With 2016 being characterised by market volatility and political upheaval, investors should be making four key considerations this year, State Street Global Advisors (SSGA) senior managing director Kevin Anderson said at SSGA’s 2017 outlook.
1. Look at currency hedging
“Look at currency carefully and examine not just the role of how you hedge your currency within your global bond portfolios, because many bond investors are hedging, but look at equities as well,” Mr Anderson said.
That may prove to be sage advice, with BetaShares chief economist David Bassanese telling nestegg.com.au that there are expected to be significant movements in currency valuations this year.
“My base case is that this year, the US dollar will have to strengthen because the US is going to remain the strongest economy in the developed world,” Mr Bassanese said.
“If [Trump] remains a positive influence in markets he’ll probably usher in a stronger US dollar, a weaker euro and by consequence a weaker Australian dollar.”

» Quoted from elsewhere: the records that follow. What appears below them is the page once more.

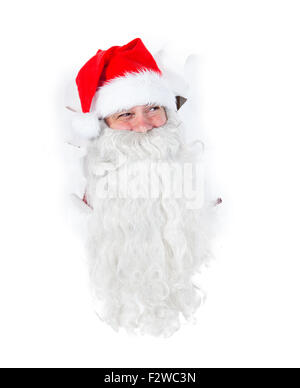 Santa Claus looking through hole in a white wall Stock Photo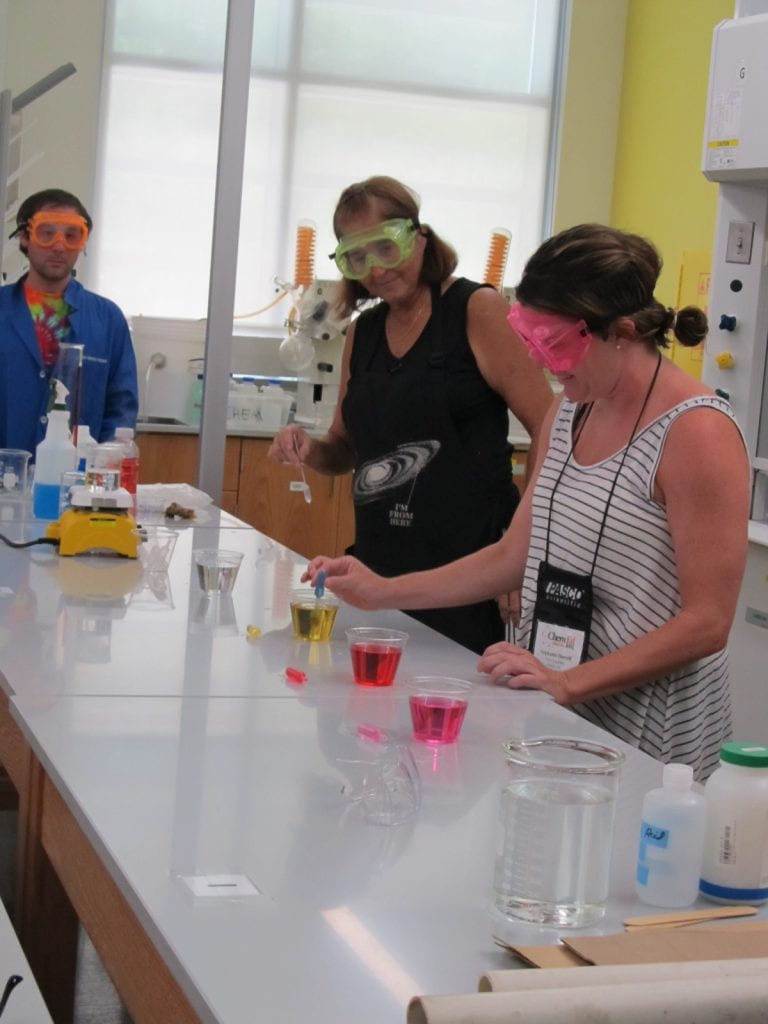 Peggy Sconzo in a lab setting with several plastic glasses holding colourful solutions instructing a workshop attendee with an eye dropper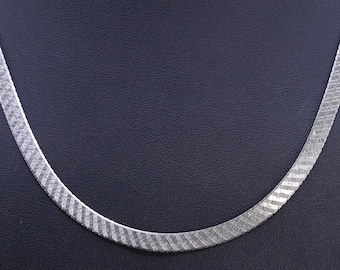 Puede incluir: Un collar de cadena plateada con diseño de espiga. El collar tiene un diseño plano y ancho con una superficie texturizada. La cadena se muestra sobre un fondo oscuro, resaltando su brillo metálico. Adecuado para diversas ocasiones.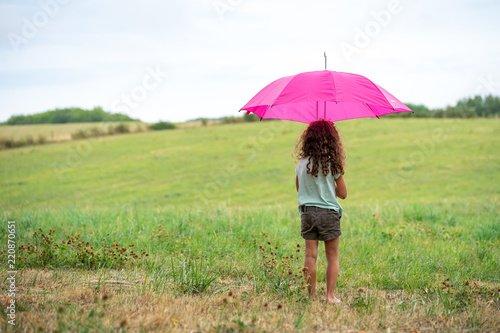 une enfant aux cheveux long et bouclés se met à l'abris sous un parapluie rose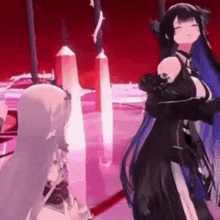 a couple of anime girls standing next to each other on a stage .
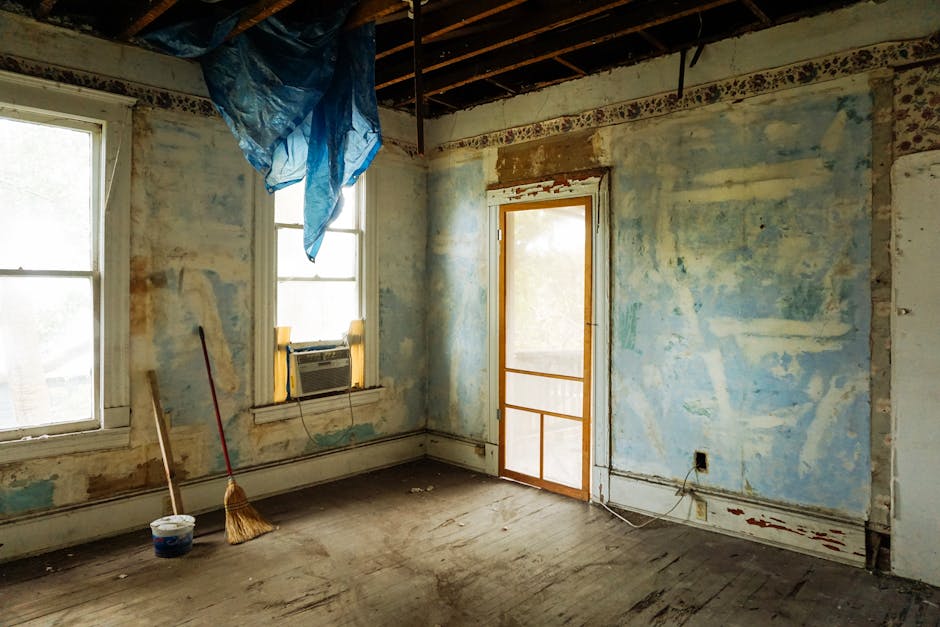 Home An empty room in an abandoned house with peeling walls and construction tools.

Given large currency movements and the expectation that that volatility will extend into equity markets, a partial hedge could hold investors in good stead.
2. Diversify between Australian and global
While the outlook for Australian equities remains strong, they are overly reliant on two main sectors –financials, particularly the big four banks, and mining.
“When we’re thinking of investing in Australia as domestic investors, we want to avoid too much concentration risk so being more diversified, and in a sense underweight, on those two very dominant sectors which did particularly well on the back end of last year,” SSGA global chief investment officer Rick Lacaille said.
Given the market narrowness, Australian investors would be wise to consider their exposure.
“Look at your diversity between Australian and global equities. Yes, there is significant exposure to the banks which is why we’re advocating taking a broader look,” Mr Anderson said.
“We don’t think there’s going to be a significant selloff in Australia because of Australian domestic scenarios but we think there could be a case to taking a shorter duration approach to fixed income this year.”
3. Shorter duration fixed incomes
While term deposits have traditionally been a popular way to utilise cash, there may be more diversified ways in a low-interest environment, according to Mr Anderson.
“The short end of the fixed income curve is going to be supported by an RBA on hold and the market may even price in a little bit of easing,” he said.
“Floating rate notes are one example, which have a much more limited interest rate exposure but a greater diversity than the big four banks.”
4. Find yield
While the global hunt for yield will continue, Australian investors should consider different income streams.
“Finding yield is still going to be difficult but there are a number of different sources from which you can gain yield, not just from rates,” Mr Anderson said.
“We would be looking at the investment-grade credit markets, high dividends equities and REITs and composing our portfolio of yield from that,” he added.
The upside of a changing market, ultimately, will be the creation of a new range of opportunities for investors.
“What has changed is some of the defensives that we might have avoided previously have become more attractive so the opportunity to find value has improved somewhat,” Mr Lacaille said.